Brynner, of course, is not the only actor to portray individuals from other cultures. Hollywood always gave actors a chance to try on new accents, especially in the original golden age of epics and espionage, but only Brynner made an entire career out of it. He became American cinema’s Cold War–era ambassador from everywhere, slipping in and out of nationalities and representing the Hollywood worldview. What is particularly intriguing about Brynner, in addition to the diversity of the “exotic” identities he portrayed, is that his own biography is extremely enigmatic. On screen, he covered a staggering range of geographies and social classes, becoming everything from an Indian Sultan to a Mexican revolutionary to a Japanese fighter pilot (for a more complete list see the Yul Log,) while off screen he obscured his own identity by dodging questions or telling outright lies. Simple background facts like his birth date and given name are still difficult to pin down definitively (although his son Rock wrote a “tell all” biography called The Man That Would be King and spoiled all the fun). He often claimed to have been born as Taidje Khan in Japan to Swiss and Japanese parents, when in fact he was born in Vladivostok, Russia and is technically Swiss-Mongolian/Russian. After a brief stop in China, Brynner spent his formative years in Paris, joined the circus as a trapeze artist, played guitar in gypsy bands, hung out with Jean Cocteau, learned English on stage with Michael Chekhov, landed in New York, debuted on Broadway and became a big Hollywood star.

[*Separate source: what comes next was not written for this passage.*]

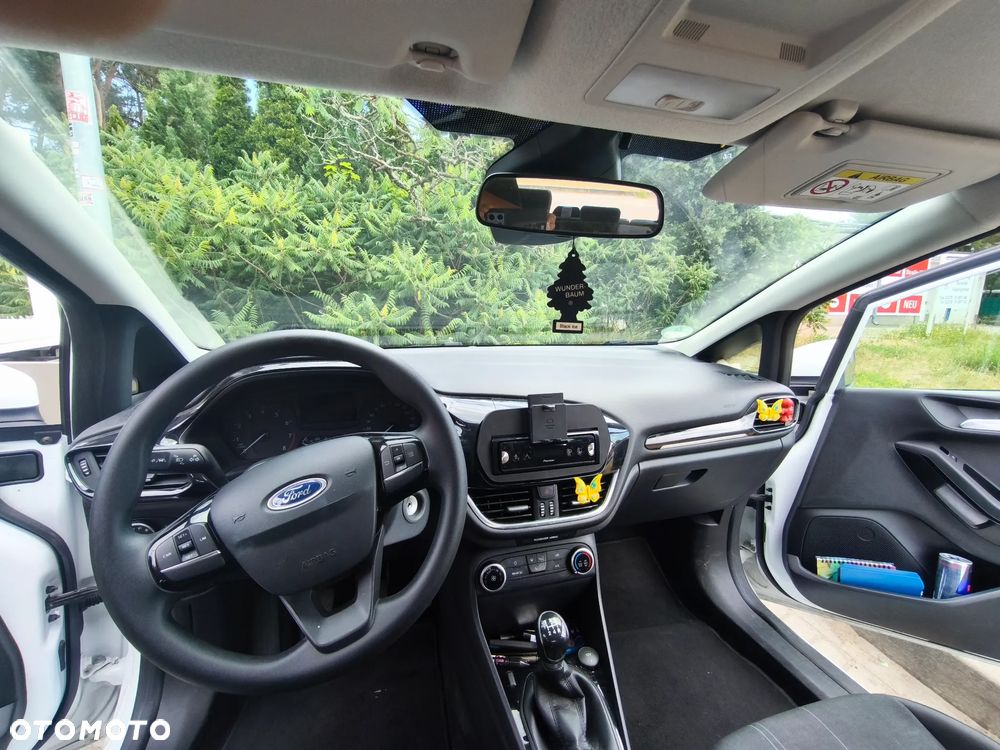 Ford Fiesta 1.1 Trend ASS - 6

American audiences loved Brynner’s complexities: his Mongolian good looks and European finishing, his steely tough-guy stare and his dapper sensitive-guy dance moves, his affable confidence and guarded identity. They ate it up. After almost two decades of hits, B-movies, foreign action flicks, and a redefining role in The Magnificent Seven, Brynner came back in the sci-fi hit Westworld (1973), an early Michael Crichton film. Westworld is a wild west amusement park where a host of robots interact with guests, acting out scenes from brothels and saloons. In one of his best roles, Brynner channels all of his intensity into the part of a robot gunslinger who duels with guests but is programmed to always take the bullet. The audience of Westworld savors the irony of the recasting of his Magnificent Seven gunslinger as a theme park attraction. Of course, the robot malfunctions, stops playing nice, and a shooting spree ensues. Brynner’s chilling performance takes a lackluster Frankenstein premise and turns it into a very satisfying experience. The insipid sequel attempts to mine the other side of Brynner’s career. In his final acting role, he appears in Futureworld during a dream sequence that takes place in the mind of the leading lady. His gunslinger floats into the smoky scene and twirls her around and around in an elegant ballroom dance.

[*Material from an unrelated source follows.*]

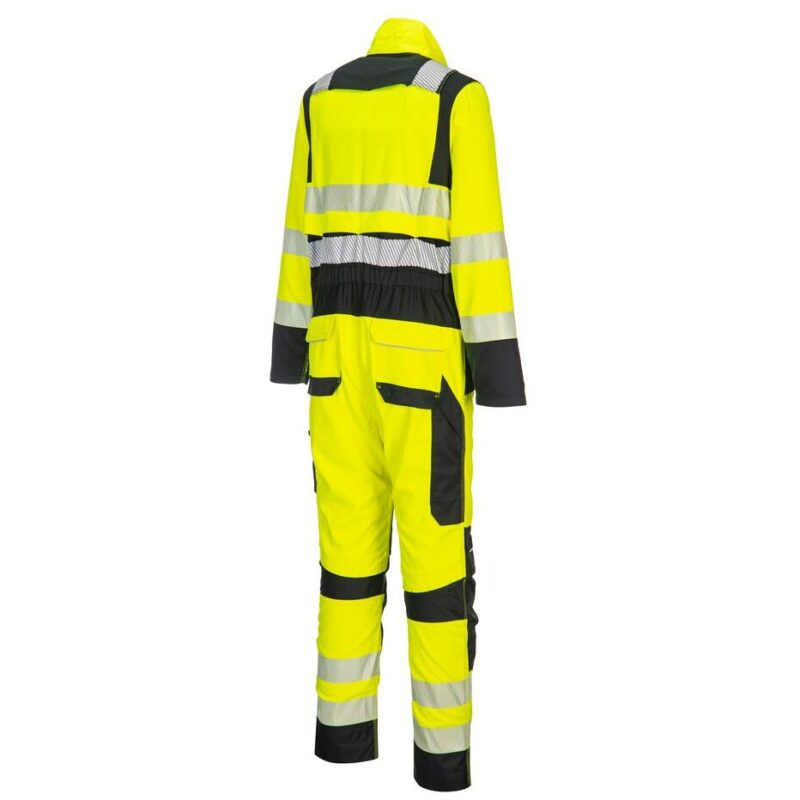 Portwest PW3 FR Hi-Vis Coverall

Copyright © Columbia Pictures Corporation

Ultimately, it was his excessive coolness that killed Brynner; in 1985, at the age of fifty-five (or perhaps fifty), he died of lung cancer after a lifetime of a five-pack-a-day smoking habit. It’s too bad, too, because if he had continued for another ten or fifteen years Brynner might have had the chance to cash in on Hollywood’s latest obsession with big budget spectacles, or perhaps he would have staged a comeback in the indie film world by giving us a smart and funny recasting of his genre characters tinged with irony and cultish in-jokes. Anything would have been better than the string of King and I revival tours that turned out to be his final performances.